Sunday, November 27, 2011

Wintertime Chili

I must admit, when I first received this Wintertime Chili for Christmas last year, I was pretty skeptical.  Today, however, after having it in my cupboard for 11 months, I decided to gather the ingredients and make it.

Boy, am I ever glad. It was super duper tasty.

The recipe is ridiculously easy to make. All you need to know is how to chop an onion, cut up a pepper, chop a couple cloves of garlic, and brown some ground beef.

Oh, and how to turn your stove on and off and not use it at maximum.  You'd be surprised how many people can't do that.

I added extra chili powder, extra cayenne pepper, and some red chili pepper flakes because I used 19oz cans of beans instead of 15. The flavours were all there! Definitely a good meal.

I sliced up some flour tortillas to eat with the chili. Perfection.

Here's a picture:

Raisin Bread French Toast

This was a good idea, in theory.

In fact, this would have been an amazing idea in practice if I hadn't ruined my loaf of raisin bread.  I think my breadmaker hates me;  it over-rises white bread and under-rises raisin bread. 

It wasn't raisin bread; it was raisin cube that weighs 2 lbs.

But, being the trooper I am, I decided to try, anyway.

French toast mix recipe:

  • 2 eggs
  • 2/3 cup milk
  • 1/4 teaspoon ground cinnamon
  • 1/4 teaspoon ground nutmeg
  • 1 teaspoon vanilla extract 
  • 6 slices raisin bread

The flavour was there but the consistency was like... spackle.
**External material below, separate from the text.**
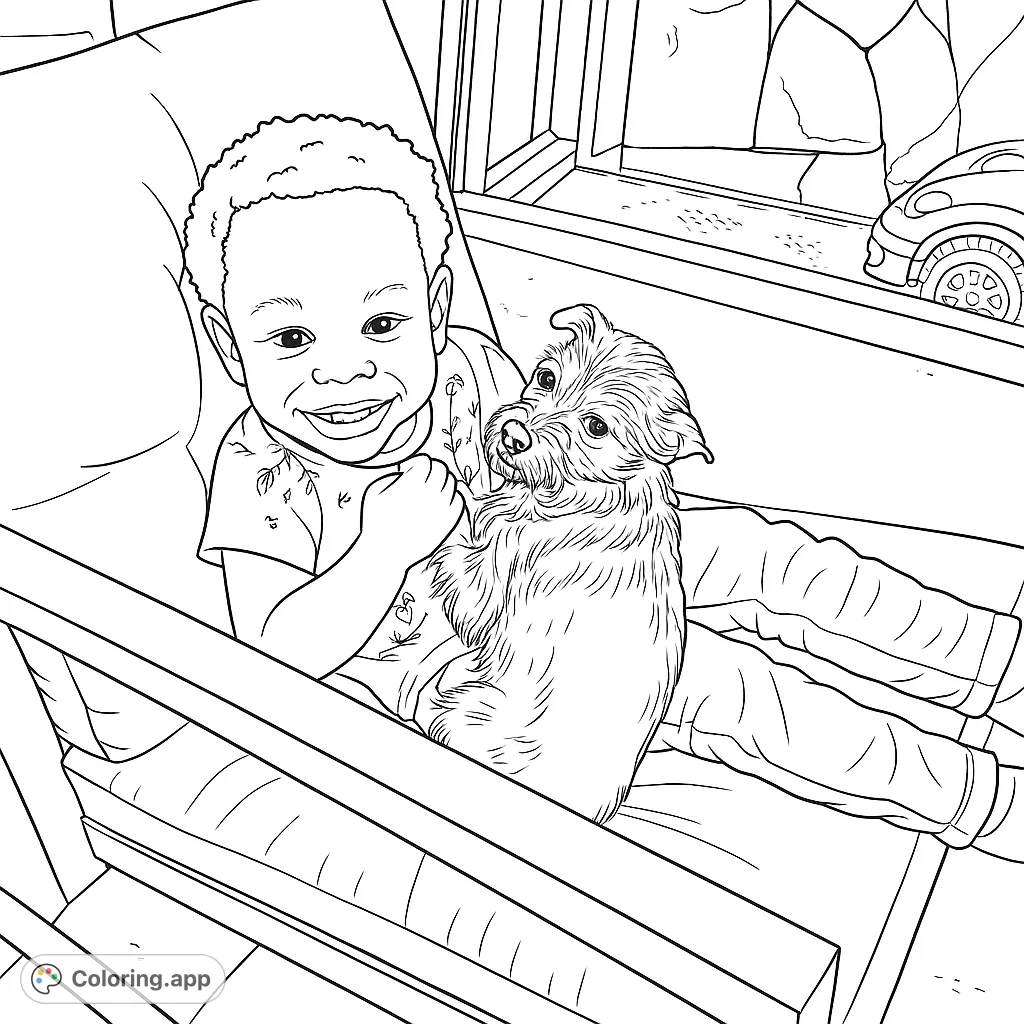 A heartwarming child and dog coloring page featuring a smiling boy relaxing on a lounge chair with his furry companion. Free printable coloring page for kids.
Too bad.  If the bread was fluffy and had properly risen, then it would definitely have been delicious.  Here are some pictures:

Saturday, November 5, 2011

Adventures in Cake Pops

I love to bake. I love to bake new things. I love cake. I love baking cake. I do not really like making cake pops, but they are -delicious-.

I bought a package of Wilton's orange candy melts with intent to make pumpkin cake pops to give to the kids around the neighbourhood that I know.  Sadly, I melted the candy at too high a temperature, and had no more orange chocolate.  Sadness.

So, Halloween came and Halloween went and in my freezer sat 50-some lonely, naked, freezing cake pops just begging to be dipped in delicious warm chocolate. What better way to end quickly?

I had a spare package of light cocoa candy melts in my drawer so I decided I'd give it a go again today.

This time, I used the stovetop instead of the microwave.  I heated it slowly, gradually. The chocolate was never too hot to touch.  When it was melted, I still found it too thick, so I added a bit of vegetable oil, a bit at a time, until it was the right consistency -- dippable.

Then, so began the dipping. We had a few casualties of war:

Poor bastards. I'll give them a good home, later.

But all in all, I finished a good solid, (but seriously fugly), chocolate cakepops.

They don't look like much, but they certainly are tasty.

Oh, and for those who are curious as to what I might've done with my ruined melted orange chocolate?

Chocolate flowers.  Hey, the Behemoth loves them.

Cake pops: let it be known! With time, I shall conquor you!